Ygor_Ribeiro's blog

By Ygor_Ribeiro, history, 3 years ago, In English

I was studying about pseudo polynomial complexity and I had some doubts. I've seen some topics around and many say that the execution time is related to the size of the input (number of bits to represent the input), I wanted to understand the difference between the knapsack problem and a sorting algorithm with N^2 complexity . The sorting algorithm, considering that the vector values ​​have up to 32 bits, has an input size of 32n, but how is this different from the knapsack problem that has an input size of nLogW ? Why is the time exponential in the knapsack problem and quadratic in the sorting problem?

  • Vote: I like it
  • +1
  • Vote: I do not like it

»
3 years ago, # |
  Vote: I like it 0 Vote: I do not like it

Considering a comparision based sorting algorithm, with a time complexity of $$$O(n^2)$$$, it is polynomial on the size of the array/vector, as the runtime is independent of the values in it. However, a dynamic programming solution to the knapsack problem is usually $$$O(nW)$$$ where $$$W$$$ is the range of values(usually $$$W$$$ is the maximum value in array/vector). Now, imagine I added one more bit to the max value(bitshifted max value to the right, adding a trailing 0 bit or something...), what will happen? It will double and our runtime would double because $$$W$$$ doubled. This is why it is more accurate to consider the big O for the knapsack problem to be somewhat $$$O(n2^{bits})$$$. Note, sorting algorithms such as counting sorts are also considered to be exponential with a similar reasoning.

  • »
    »
    3 years ago, # ^ |
      Vote: I like it 0 Vote: I do not like it

    Why can I disregard vector values ​​when I'm sorting? since they influence the size of the input.

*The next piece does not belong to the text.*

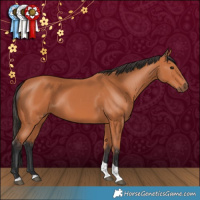 Horse Color:Bay Tobiano 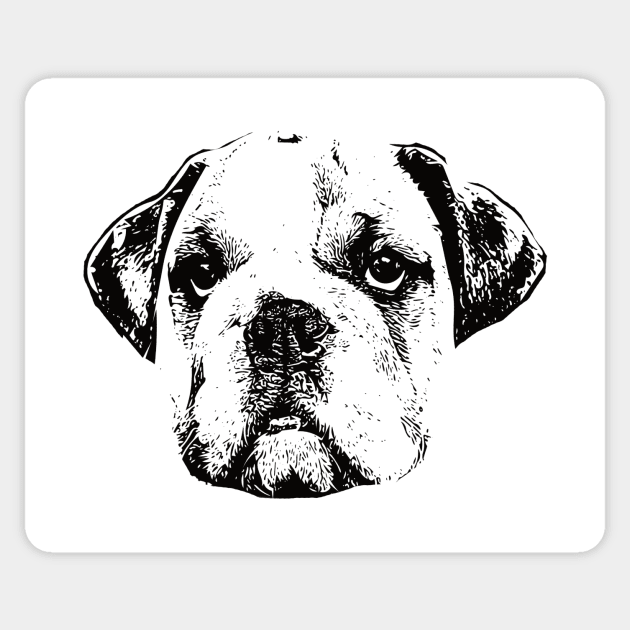 Bulldog Face Design - A Bulldog Christmas Gift Sticker by DoggyStyles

And I also wanted to know why the two lops aligned do not increase the number of input bits

    • »
      »
      »
      3 years ago, # ^ |
      Rev. 3   Vote: I like it 0 Vote: I do not like it

      I guess, assuming a bubble sort like algorithm which makes $$$n^2$$$ comparisions in the worst case, where each number has $$$b$$$ bits, a comparision of two numbers takes $$$O(b)$$$. Overall, making your algorithm $$$O(bits*n^2)$$$ more formally. However, this is still polynomial. Hope that helps solving the questions. I am attaching some more sources below, if you wanna read more about this.

      Resources

      • »
        »
        »
        »
        3 years ago, # ^ |
          Vote: I like it 0 Vote: I do not like it

        I understand that bit part, but just one more thing, if you don't mind. Disregarding the bits needed for the array values, we have two lops aligned as it is in the knapsack problem, I'm not quite understanding why not consider them as in the knapsack problem, that is, n * s^logn, since it would take n *logn bits to represent this input, or not?

      • »
        »
        »
        »
        3 years ago, # ^ |
          Vote: I like it 0 Vote: I do not like it

        I found other information here and it says that when we are working with an array of n elements, we consider that we are dealing with the array and not with the n itself, so we should not represent the number of required bits with an exponential format, but when we are working with the number itself, in this case the W in the knapsack problem, then we have to consider the case of 2^logW, because we are traversing a value and not an array of W values. Is this right ? If so, why does that make sense? If I increase 1 bit in the size of the array, wouldn't it be the same to increase a bit in the size of a value itself?